I gasped, suddenly angry and territorial, rising from my chair towards him, kneeling on the window seat, pressing my face and hand to the pane of glass which clouded up instantly; I wished I could pull a curtain across the glass to shut him out. Will woke, startled by the noise and movement I had made and, seeing me staring out into the garden, turned slowly to look at whatever it was behind her that had frightened me. All we could now see of the orchard was empty with a great emptiness. Will turned back to look at me. My face and expression had shocked her.
“Fuck. You look awful. What’s happened?” Her hand tightened on mine as she followed the line of my gaze. “What is it?”
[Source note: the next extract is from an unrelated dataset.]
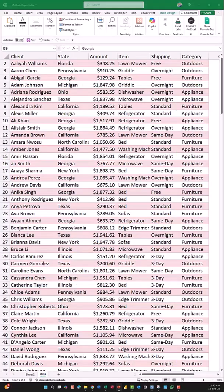I want to create a separate report for each state that looks like the source data: client, amount, item, shipping, and category.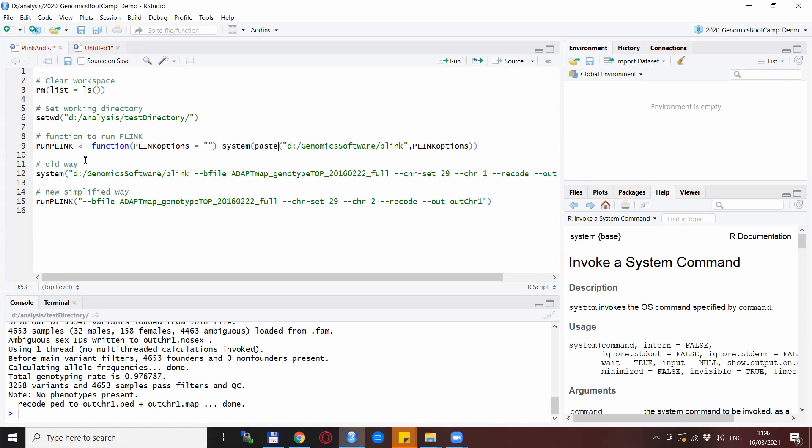One thing to take care of: the letters, so the capital and the smaller case letters matter. So whatever you defined here, it should be used also later on. So this is a function, an R function with a single function argument which I call PlinkOptions here and which is by default empty. And the whole function is really just to call the system command with the Plink executable file right now with the empty PlinkOptions.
“I thought I saw something in the garden,” I said. “Spooked myself. It’s just the snow—plays tricks with your eyes.”
“Jesus, you frightened me,” she said, looking at her watch. “It’s so late. How could I have fallen asleep like that?” She paused, dragging her fingers across her face to wake herself up. “You OK now?”
I nodded.
“Look,” she said. “I’m going to have to go away for a while. I came to say good-bye.”
“You’ll be back?”
“Oh yes, I hope so. Depends on what happens over the next few weeks.”